Wakefield and her husband had good reasons to be judgmental. Ken was an executive in a meat-packing plant, and Wakefield, a graduate of the Framingham State School of Household Arts (now Framingham State University) had been a hospital dietitian and high school home economics teacher. In August 1930, they bought a small house on the corner of Bedford and Auburn Streets in Whitman, Massachusetts on Route 18, a back road from Boston to New Bedford, Massachusetts.

Wakefield claimed that at one time, the house “was used as a tollhouse, where passengers ate, change horses and paid toll,” she wrote in her 1938 cookbook, Toll House: Tried and True Recipes. That was “marketing fiction,” according to historian John Galluzzo, but “nobody ever really worried about the imaginative date and name,” knowing  it was “just good promotional technique.” So was the claim that the house was built in 1709; it was actually completed in 1817. Nevertheless, the owner had the 1709 date painted on the chimney. Today a sign illustrating a colonial man with that date appears on the site of the former restaurant.

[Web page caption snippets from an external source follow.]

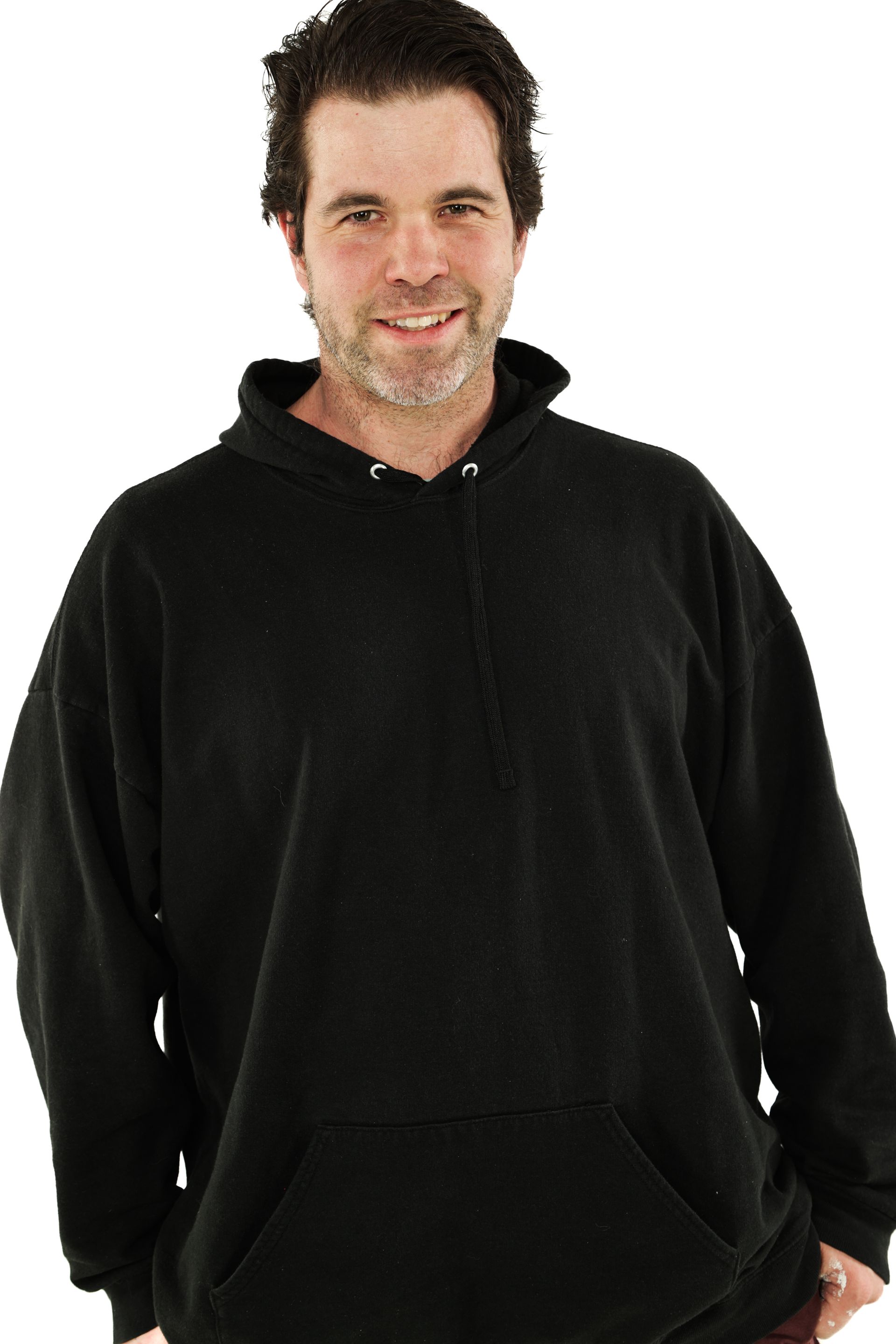 Man in a black hoodie standing against a white background, smiling at the camera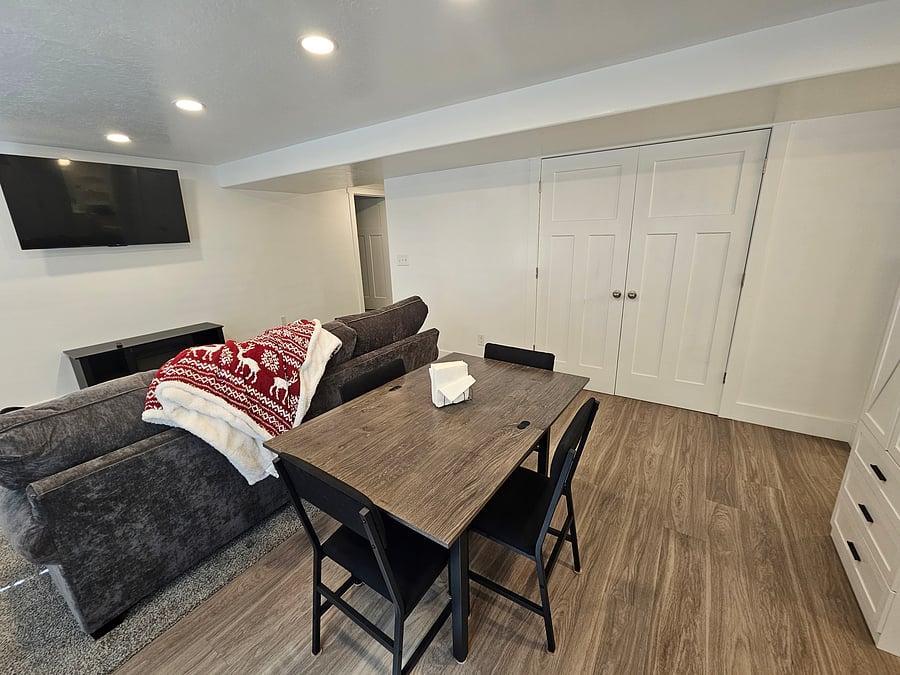 Behind the french doors is the homes Furnace, AC, Water heater and electrical. Ceaning supplies are on a shelf in the furnace room. Cleaning supplies such as, Broom and Dust Pan, Cordless Vacuum, Mop, Toilet Bowl cleaning supplies, etc. Pull to open.
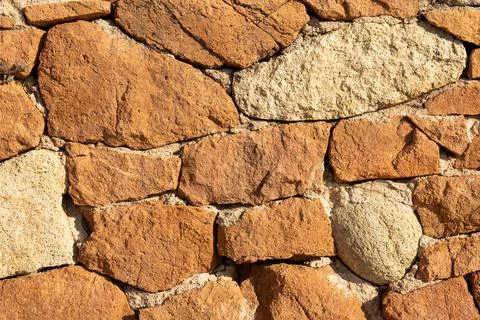 Rude stone wall surface texture Stock Photos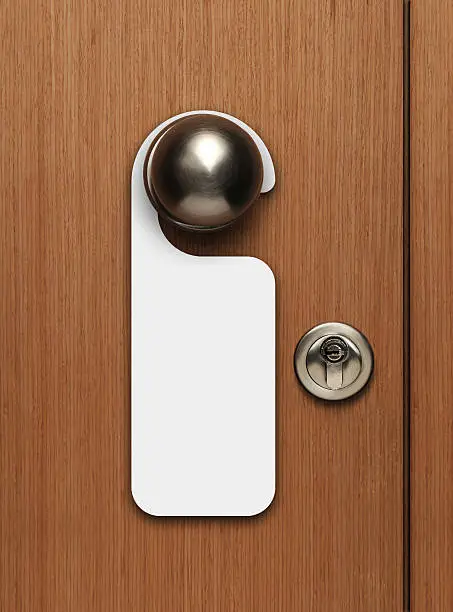 Photo of Blank door sign hanging from knob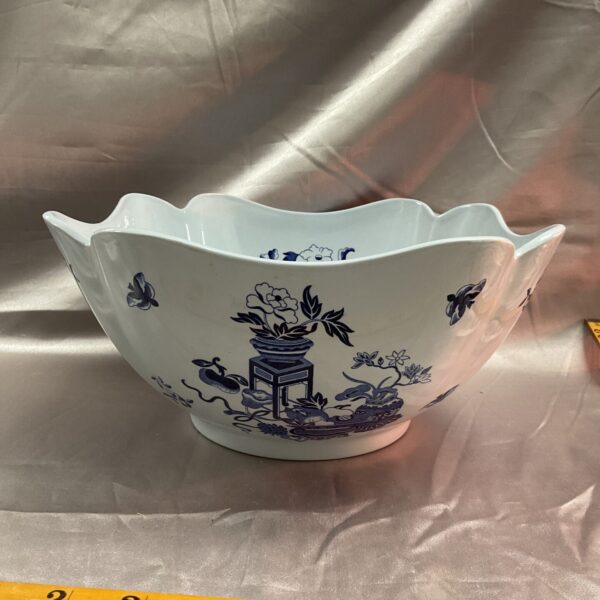 Front view of a vintage blue and white porcelain bowl with landscape design.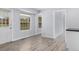 Bright and airy kitchen featuring new modern flooring and a view to the outdoors at 9451 W Hialeah Pl, Littleton, CO 80123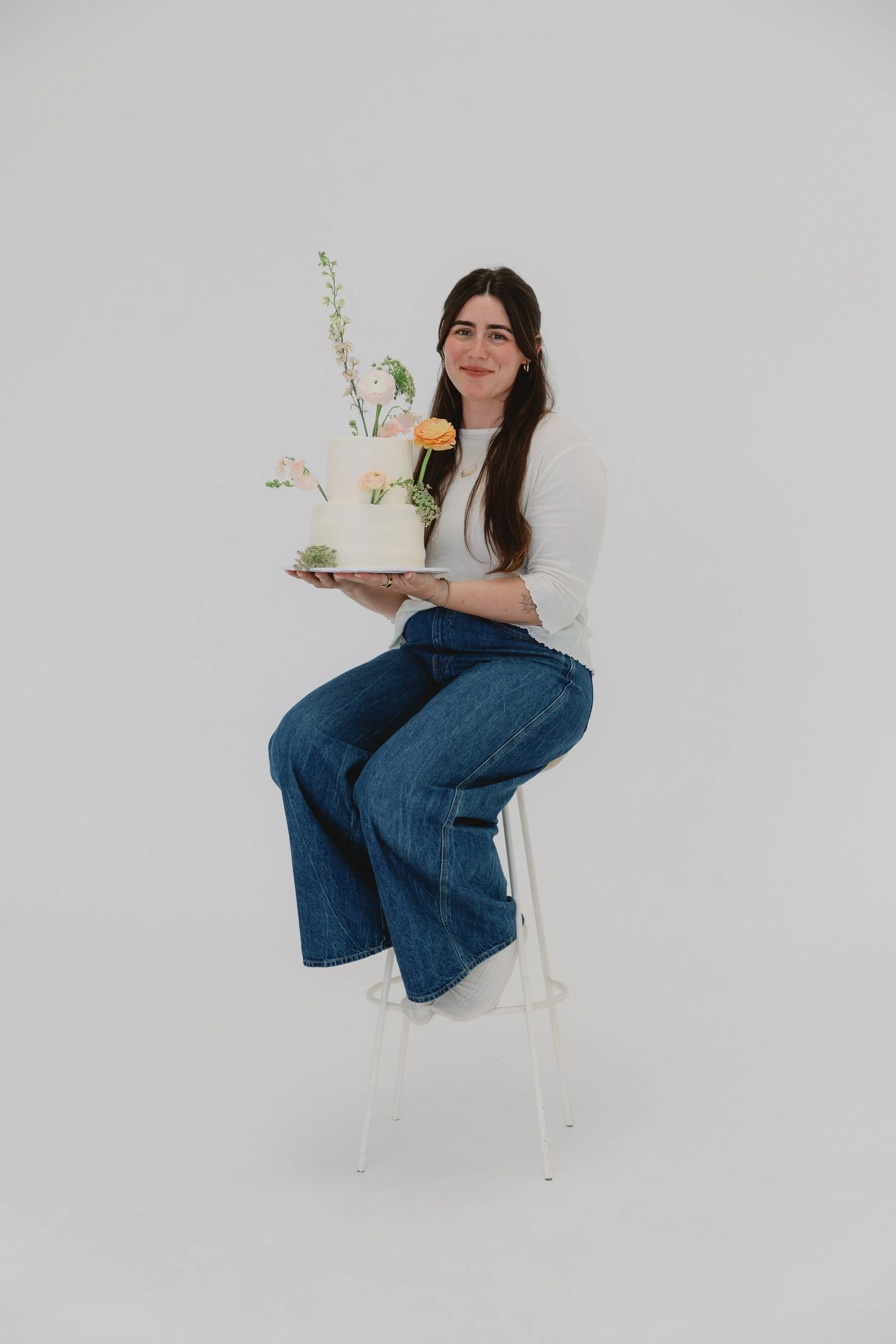 A photo of Grayce, with long brown hair, wearing a white long sleeve shirt and blue jeans, sitting on a high stool, holding a white cake decorated with real flowers, against a plain white background.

The first months after opening the Toll House were difficult, but its reputation for fine food spread; by Christmas, Wakefield and her husband added more tables to the original seven and hired a dozen employees, according to The Great American Chocolate Chip Cookie Book.

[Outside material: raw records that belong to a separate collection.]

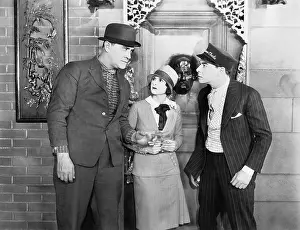 Worrisome: Two men in an argument with a woman in the middle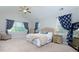 Serene main bedroom featuring vaulted ceiling, plush carpet, and calming decor at 225 Sundance Dr, Woodstock, GA 30188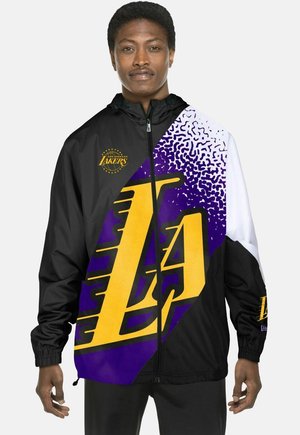 Black and white windbreaker featuring purple and yellow geometric patterns, with "LA" logo prominently displayed on the front.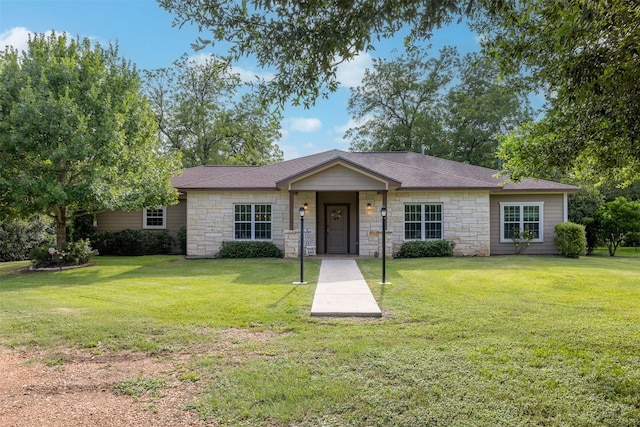 194 2 Mile Ln, Smithville, TX 78957 - view of front of home featuring stone siding and a front yard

To enhance the Toll House’s historic atmosphere, Wakefield decorated the restaurant in the  colonial style and included her grandmother’s New England recipes on her menus. She was also an inventive chef who frequently experimented with new recipes. Once the restaurant became successful, she and her husband traveled abroad, where she learned about other cuisines. “Ruth Wakefield can cook ‘by ear.’ Or by taste, I suppose you’d call it. She can eat a strange dish, and come home and re-create it with every ingredient in proportion,” journalist Ernie Pyle observed.

Lobster dinners were one of the Toll House’s most famous meals, but so were desserts like Indian tapioca pudding, chocolate ice-box cake, and Concord grape delight. Recipes for them and others appeared in the chef’s first cookbook, Toll House: Tried and True Recipes of 1931.

By 1938, Wakefield and her husband were serving 1,000 dinners daily and expanding the restaurant, according to Wyman’s book. One unique feature of that expansion was the circular Garden Room built around a live elm tree.

Since Wakefield believed it was important to prepare “interesting food” instead of the same “dreary dishes week after week,” as she advised readers of her cookbook, she began experimenting with one of her most popular desserts. “We had been serving a thin butterscotch cookie with ice cream. Everybody seemed to love it,” Wakefield told a Boston Herald-American reporter,” but I was trying to give them something different. So I came up with the Toll House cookie.”

Exactly how that happened is uncertain. According to Nestlé’s promotional version, Wakefield took one of their semi-sweet chocolate bars and added the broken up candy to the dough. Expecting the chocolate to melt and produce chocolate cookies, Wakefield was surprised when the bits retained their shape and created a new kind of dessert.

Another version claimed that while the chef was returning from a trip to Egypt, she remembered a lesson about chocolate from a college food chemistry class. Working with  her pastry cook, Sue Brides, Wakefield added chocolate into the dough and “came up with a new cookie,” according to The Great American Chocolate Chip Cookie Book. Like its butterscotch predecessor, the new cookie contained equal amounts of white and brown sugar, which made cookie “brown throughout and crispy,” so Wakefield called it the  Chocolate Crunch Cookie. Both stories reflect Wakefield ‘s intention to create a new dessert.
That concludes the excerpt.